Well, after a lot of playing around with the test data, I came up with the following code.
It basically just loads all of the data into a simple array. Next, we would need to create a parsing routine.
That routine would be a simple “for” clause that would go down thru the individual lines and pull the data you
need for each question. Since most of the questions start with a page number, we can break down the total
page into separate questions using “PAGE:” as a hint of where to start. Then, you would have to look for
questions and then the answers. And, of course the ID: to capture the id number.
Here is the starting point. It assumes that the file is a text file. I took your PDF sample and copied the 3 pages of data and placed this into a text file. I called it test.txt. Next, I used this code in the same folder as the text file. It just lists the live data from the test data. If you look at the output of this, you will understand where I am heading with this code. You would have to loop thru the $lines array and pull your data as needed. So, if the line starts with A. or C. , then they are answers. You can test these lines using PHP string functions.
So, here is a start for you:
[php]
<?PHP
// Load entire file into an array (called $lines)

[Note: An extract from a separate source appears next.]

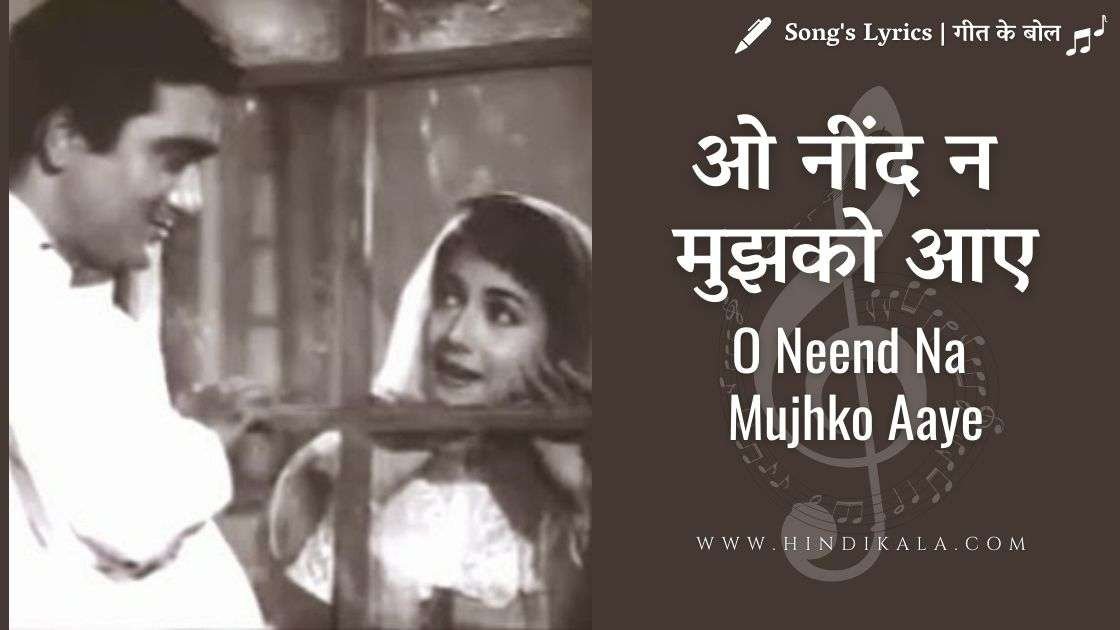post-box-999-1958-o-neend-na-mujhko-aaye-lyrics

$fd = fopen ("test.txt", "r");
while (!feof ($fd))
{
$buffer = fgets($fd, 4096);
$lines[] = $buffer;
}
fclose ($fd);
// Loop through our array...
foreach($lines as $line)
{
echo($line)."
"; // just display the lines for now... (replace this with parsing code)
}
?>
[/php]
I know this is not a solution, but, it starts you off. It gets the data into a more useable form.
If you need help with the parsing code, let us know…